Manquement au devoir leurs charges
Au demeurant, il aurait sans doute été plus sage de recourir à la justice transitionnelle. Cette option aurait eu le mérite de combiner mesures judiciaires et non-judiciaires. Elle aurait permis d’éviter la logique de châtiment individuel pour ouvrir une perspective plus large visant la réconciliation nationale. L’Etat ayant fait le choix de la justice classique, on se satisfera d’un procès en bonne et due forme: conformément au Code de procédure pénale, «toute personne dont l’audition paraît utile à la manifestation de la vérité» devra être invité à comparaître. Sans doute, certains y verront un coup du sort voire une injustice. Mais ni Sylvia Bongo ni Noureddin Bongo Valentin n’auraient pris autant de liberté si les détenteurs de l’autorité publique avaient joué leur rôle consciencieusement. À l’encontre des agents publics, on peut déjà parler de manquement au devoir leurs charges respectives.
Même s’ils ont profité du flottement né de l’accident vasculaire et cérébral d’Ali Bongo, son épouse et son fils aîné ont surtout surfé sur l’absence de culture républicaine et de vertu publique. Si leur procès doit servir pour le futur, il faut mettre les détenteurs de l’autorité publique face à leurs responsabilités. Il faut leur rappeler la nécessité d’agir non par pour eux-mêmes, mais pour la communauté, dans le respect des lois. Pour ainsi dire, tous les témoins potentiels doivent être invités à comparaître.
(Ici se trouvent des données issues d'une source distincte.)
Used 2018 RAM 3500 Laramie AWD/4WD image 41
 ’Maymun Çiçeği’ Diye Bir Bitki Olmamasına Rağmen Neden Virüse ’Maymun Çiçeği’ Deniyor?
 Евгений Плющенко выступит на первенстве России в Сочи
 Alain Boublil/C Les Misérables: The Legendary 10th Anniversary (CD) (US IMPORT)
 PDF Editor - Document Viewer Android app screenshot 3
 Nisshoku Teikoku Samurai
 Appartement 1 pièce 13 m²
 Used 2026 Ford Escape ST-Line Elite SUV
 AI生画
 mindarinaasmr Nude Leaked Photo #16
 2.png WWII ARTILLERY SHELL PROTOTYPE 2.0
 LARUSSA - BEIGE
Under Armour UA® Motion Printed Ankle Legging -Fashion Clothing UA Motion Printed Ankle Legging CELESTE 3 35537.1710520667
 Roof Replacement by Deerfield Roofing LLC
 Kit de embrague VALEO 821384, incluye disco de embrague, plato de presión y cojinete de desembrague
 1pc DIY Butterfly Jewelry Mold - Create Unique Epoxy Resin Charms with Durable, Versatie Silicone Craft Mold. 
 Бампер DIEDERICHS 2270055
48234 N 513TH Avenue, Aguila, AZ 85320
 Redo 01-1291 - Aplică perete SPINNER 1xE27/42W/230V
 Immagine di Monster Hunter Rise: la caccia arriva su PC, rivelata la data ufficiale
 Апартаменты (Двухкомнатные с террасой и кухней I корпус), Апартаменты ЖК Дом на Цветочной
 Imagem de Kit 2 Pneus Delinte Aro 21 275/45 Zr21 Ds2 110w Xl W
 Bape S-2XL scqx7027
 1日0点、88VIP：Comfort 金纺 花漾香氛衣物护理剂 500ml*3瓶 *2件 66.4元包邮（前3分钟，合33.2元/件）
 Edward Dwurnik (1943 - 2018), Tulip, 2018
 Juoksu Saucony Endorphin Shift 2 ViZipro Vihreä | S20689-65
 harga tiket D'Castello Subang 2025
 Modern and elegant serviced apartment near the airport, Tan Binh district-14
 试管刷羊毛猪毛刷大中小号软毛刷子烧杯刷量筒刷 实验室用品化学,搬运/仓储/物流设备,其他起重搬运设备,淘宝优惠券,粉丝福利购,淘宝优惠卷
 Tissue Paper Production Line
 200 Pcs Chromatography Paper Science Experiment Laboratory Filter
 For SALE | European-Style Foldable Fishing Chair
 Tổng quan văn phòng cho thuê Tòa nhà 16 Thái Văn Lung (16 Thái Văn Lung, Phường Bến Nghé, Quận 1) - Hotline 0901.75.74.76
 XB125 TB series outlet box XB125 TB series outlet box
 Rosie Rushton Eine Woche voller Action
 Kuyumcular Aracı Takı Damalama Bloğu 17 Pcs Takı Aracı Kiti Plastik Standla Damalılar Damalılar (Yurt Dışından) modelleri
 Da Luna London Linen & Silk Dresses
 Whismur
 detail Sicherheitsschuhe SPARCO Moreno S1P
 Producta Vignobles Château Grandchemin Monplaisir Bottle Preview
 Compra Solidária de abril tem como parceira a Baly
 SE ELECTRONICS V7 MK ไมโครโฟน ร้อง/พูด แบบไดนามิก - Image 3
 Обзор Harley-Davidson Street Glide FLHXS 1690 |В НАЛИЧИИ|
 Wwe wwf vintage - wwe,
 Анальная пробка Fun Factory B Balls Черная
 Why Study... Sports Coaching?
Aux côtés de Sylvia Bongo ou Noureddin Bongo Valentin et consorts, on doit retrouver certains hauts fonctionnaires et hommes politiques, y compris ceux aujourd’hui planqués dans l’entourage du président de la République, au Parlement de la Transition ou à l’Union démocratique des bâtisseurs (UDB). Pour la justice, ce procès se présente déjà comme l’épreuve du feu.